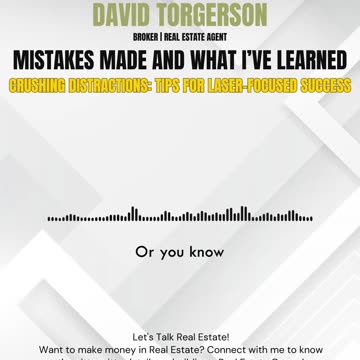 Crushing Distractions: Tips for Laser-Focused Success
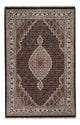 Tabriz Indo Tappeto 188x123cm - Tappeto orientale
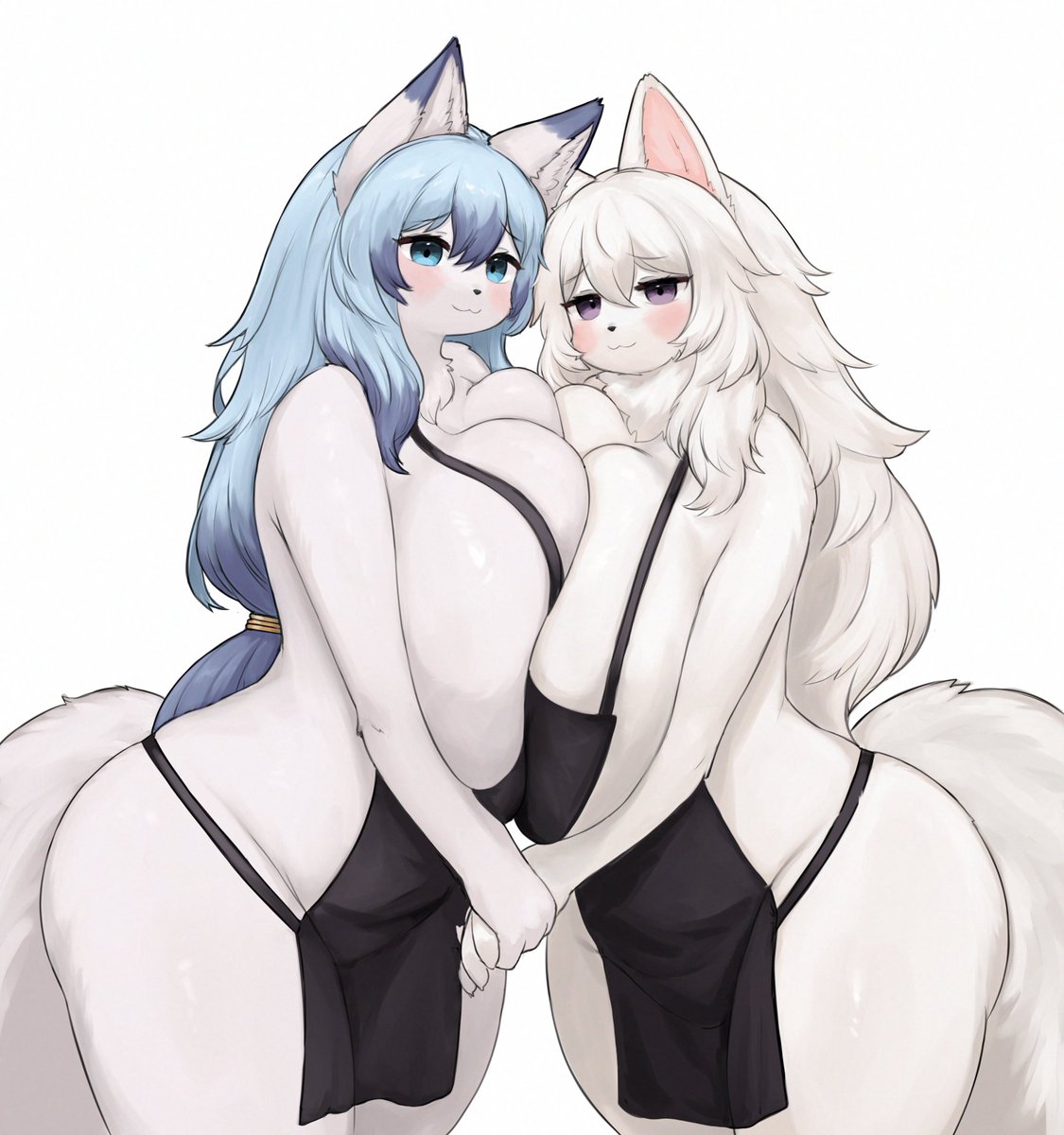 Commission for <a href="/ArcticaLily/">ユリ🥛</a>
────
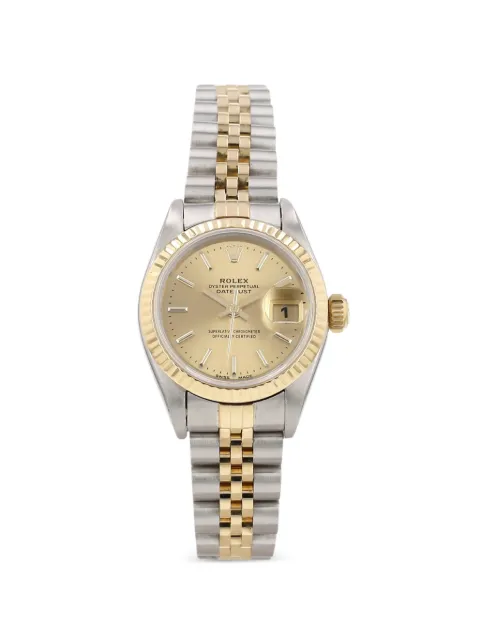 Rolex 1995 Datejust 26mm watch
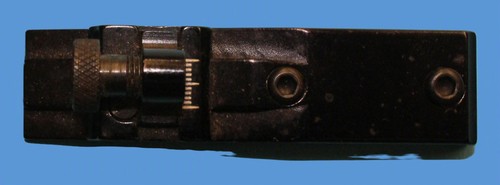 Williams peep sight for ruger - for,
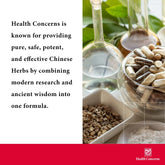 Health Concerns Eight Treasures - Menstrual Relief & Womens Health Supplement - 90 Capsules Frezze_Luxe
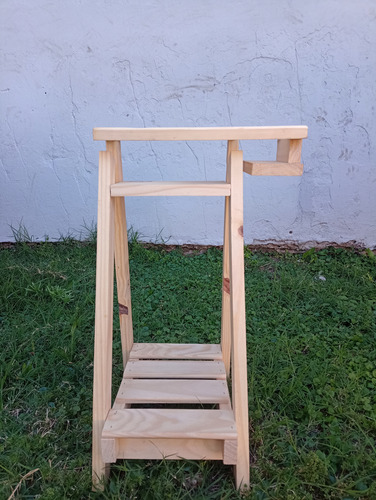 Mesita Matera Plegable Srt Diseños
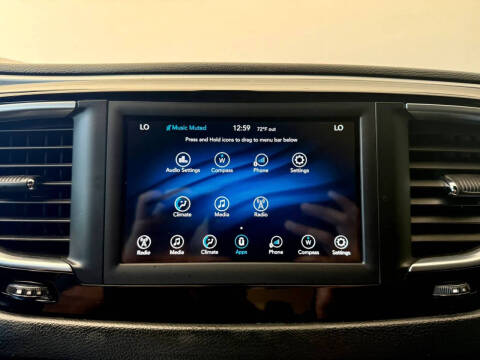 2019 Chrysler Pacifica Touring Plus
────
▶ **Description of the task**
Copy exactly, without pictures, the lines above from the one with "Crushing Distractions: Tips" down to the one with "Commission for <a", inclusive.

▶ **Exercise response**
 Crushing Distractions: Tips for Laser-Focused Success
 Tabriz Indo Tappeto 188x123cm - Tappeto orientale
 Commission for <a href="/ArcticaLily/">ユリ🥛</a>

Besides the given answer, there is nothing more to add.